* _Description of the task_
Give back each entry word for word, but drop the images.

── Dataset records ──

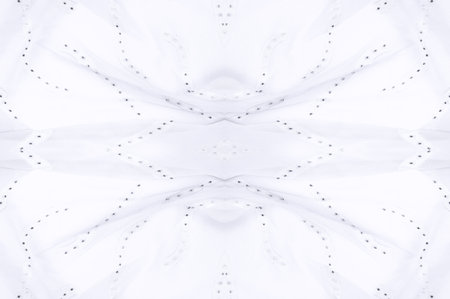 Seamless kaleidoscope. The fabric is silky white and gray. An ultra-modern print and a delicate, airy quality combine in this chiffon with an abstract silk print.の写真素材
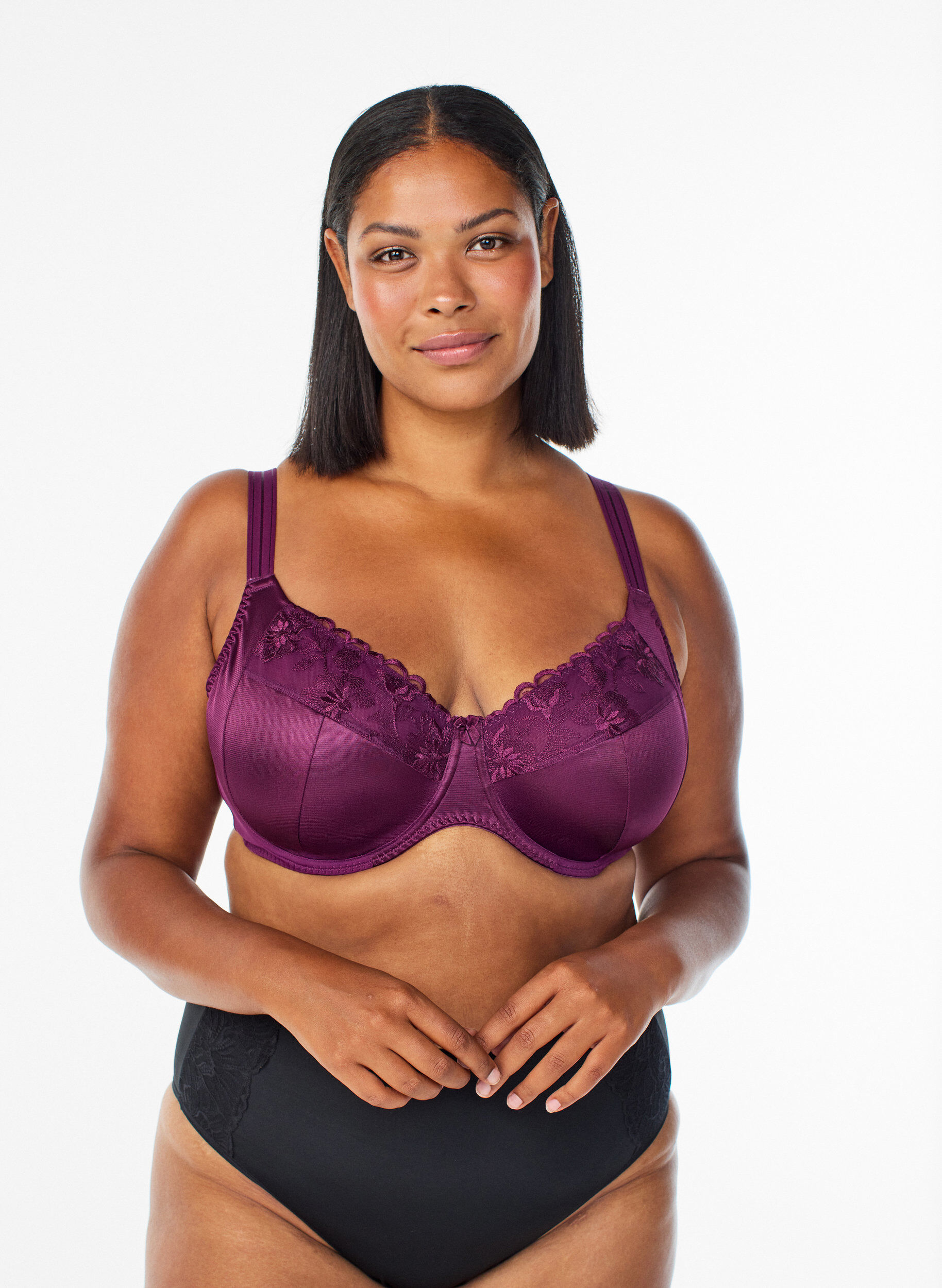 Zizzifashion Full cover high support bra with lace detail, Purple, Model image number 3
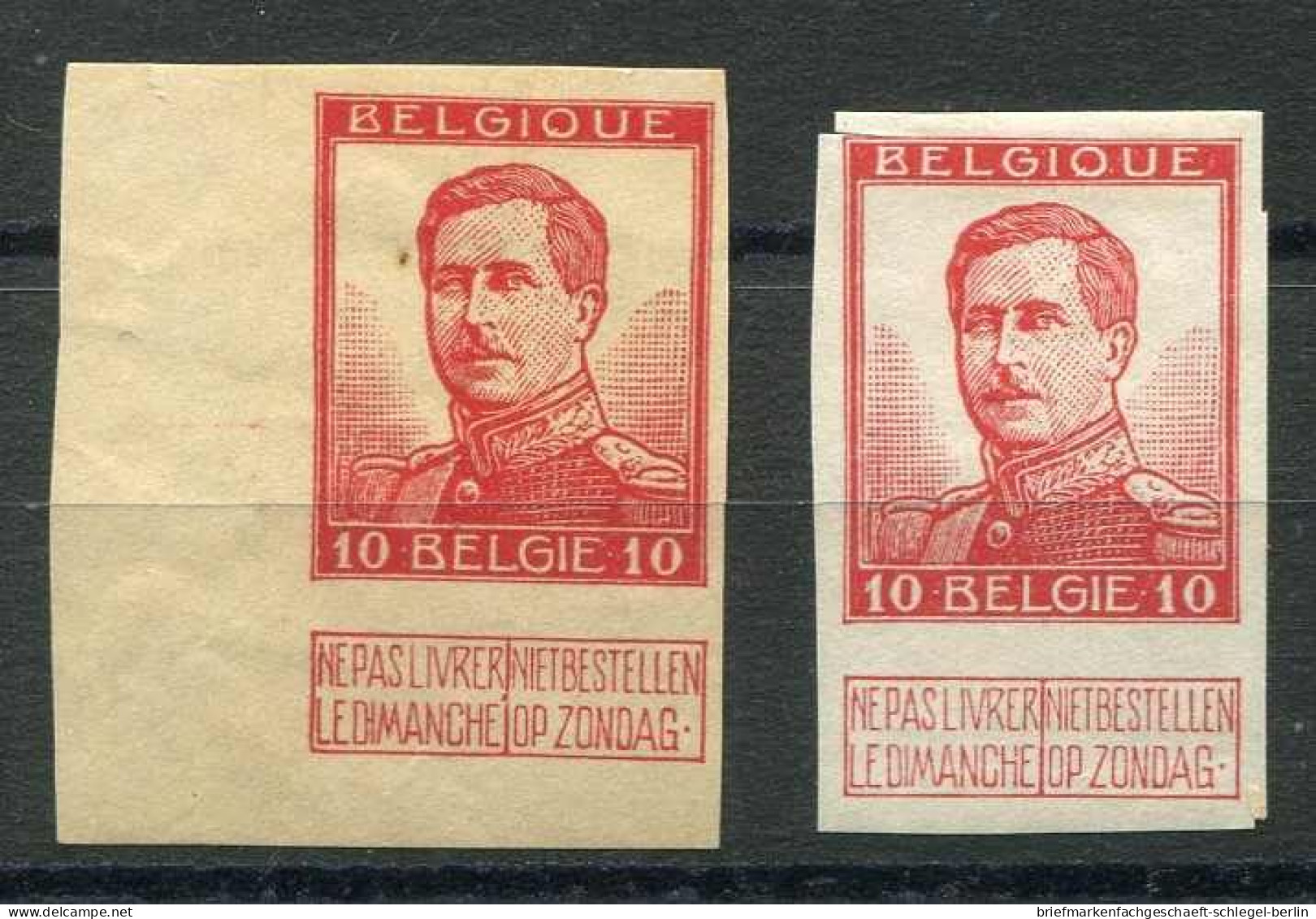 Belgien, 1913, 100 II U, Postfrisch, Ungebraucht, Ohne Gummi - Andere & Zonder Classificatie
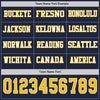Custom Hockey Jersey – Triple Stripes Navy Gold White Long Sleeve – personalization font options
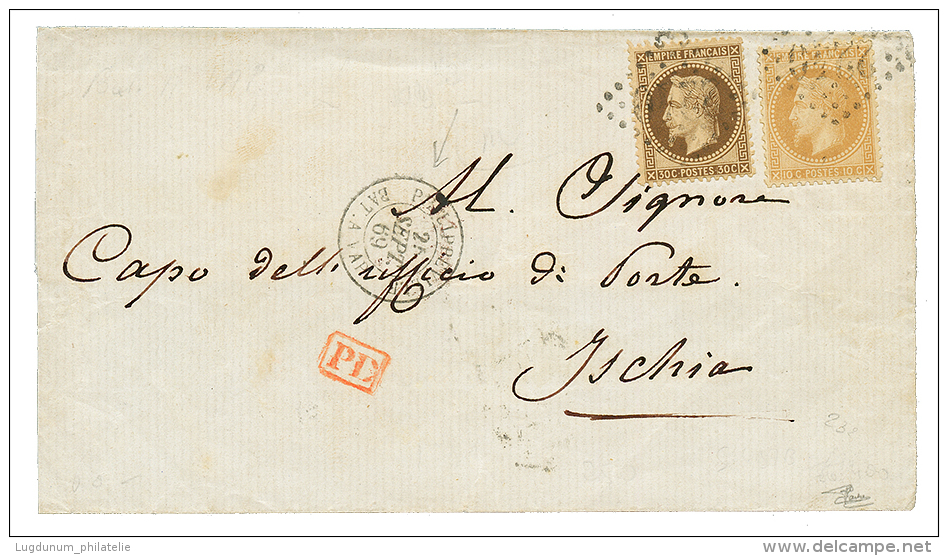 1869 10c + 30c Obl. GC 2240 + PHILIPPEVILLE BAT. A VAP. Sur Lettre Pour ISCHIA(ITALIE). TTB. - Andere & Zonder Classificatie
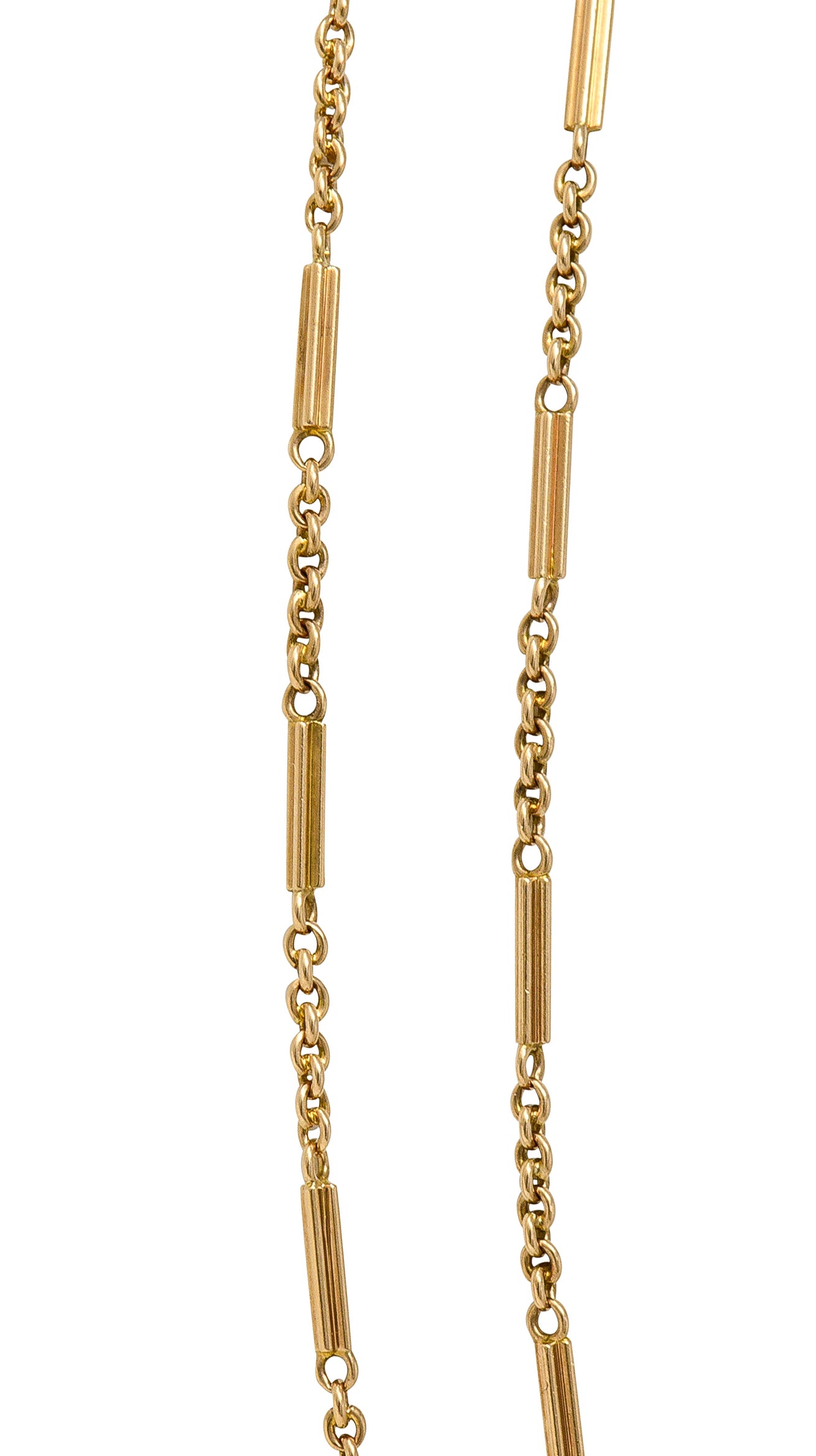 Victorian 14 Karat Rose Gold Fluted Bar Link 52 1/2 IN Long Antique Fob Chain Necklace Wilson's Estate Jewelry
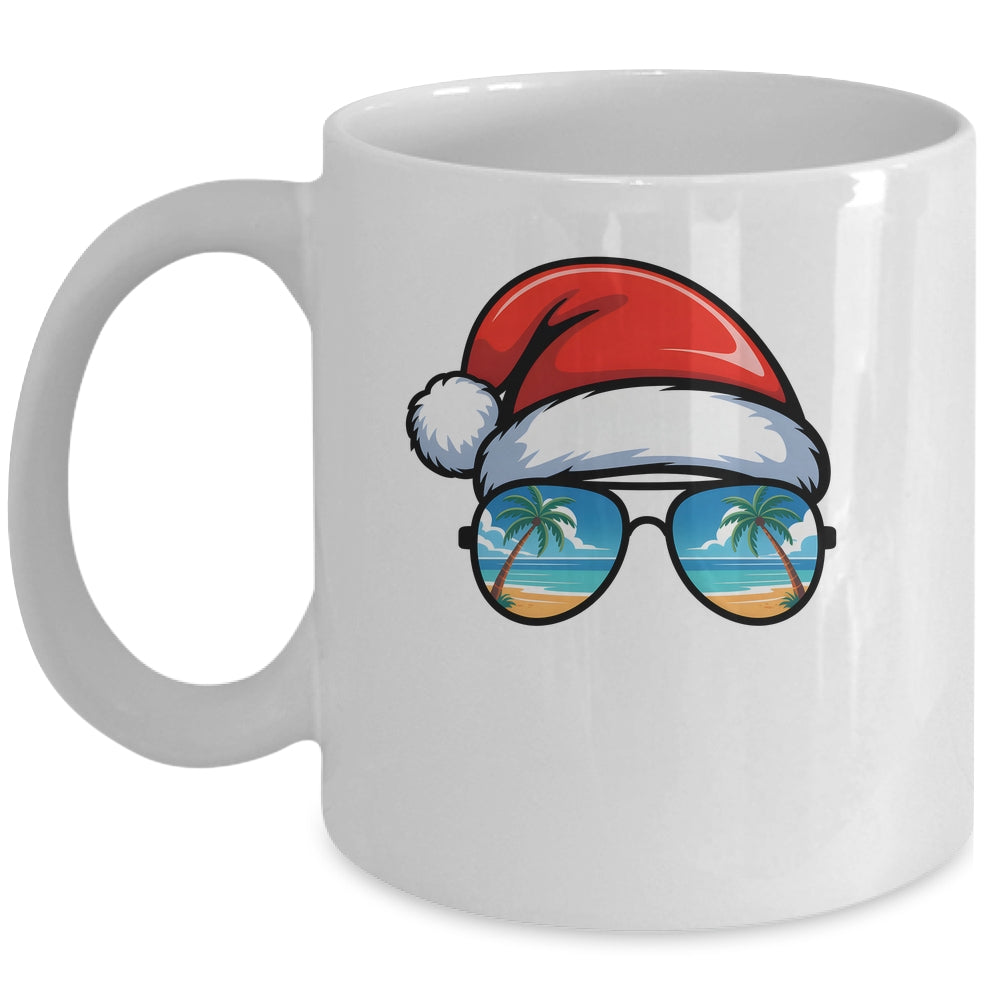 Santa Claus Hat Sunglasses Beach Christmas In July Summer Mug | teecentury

───

* _Result_
 Seamless kaleidoscope. The fabric is silky white and gray. An ultra-modern print and a delicate, airy quality combine in this chiffon with an abstract silk print.の写真素材
 Zizzifashion Full cover high support bra with lace detail, Purple, Model image number 3
 Belgien, 1913, 100 II U, Postfrisch, Ungebraucht, Ohne Gummi - Andere & Zonder Classificatie
Custom Hockey Jersey – Triple Stripes Navy Gold White Long Sleeve – personalization font options
 1869 10c + 30c Obl. GC 2240 + PHILIPPEVILLE BAT. A VAP. Sur Lettre Pour ISCHIA(ITALIE). TTB. - Andere & Zonder Classificatie
 Victorian 14 Karat Rose Gold Fluted Bar Link 52 1/2 IN Long Antique Fob Chain Necklace Wilson's Estate Jewelry
 Santa Claus Hat Sunglasses Beach Christmas In July Summer Mug | teecentury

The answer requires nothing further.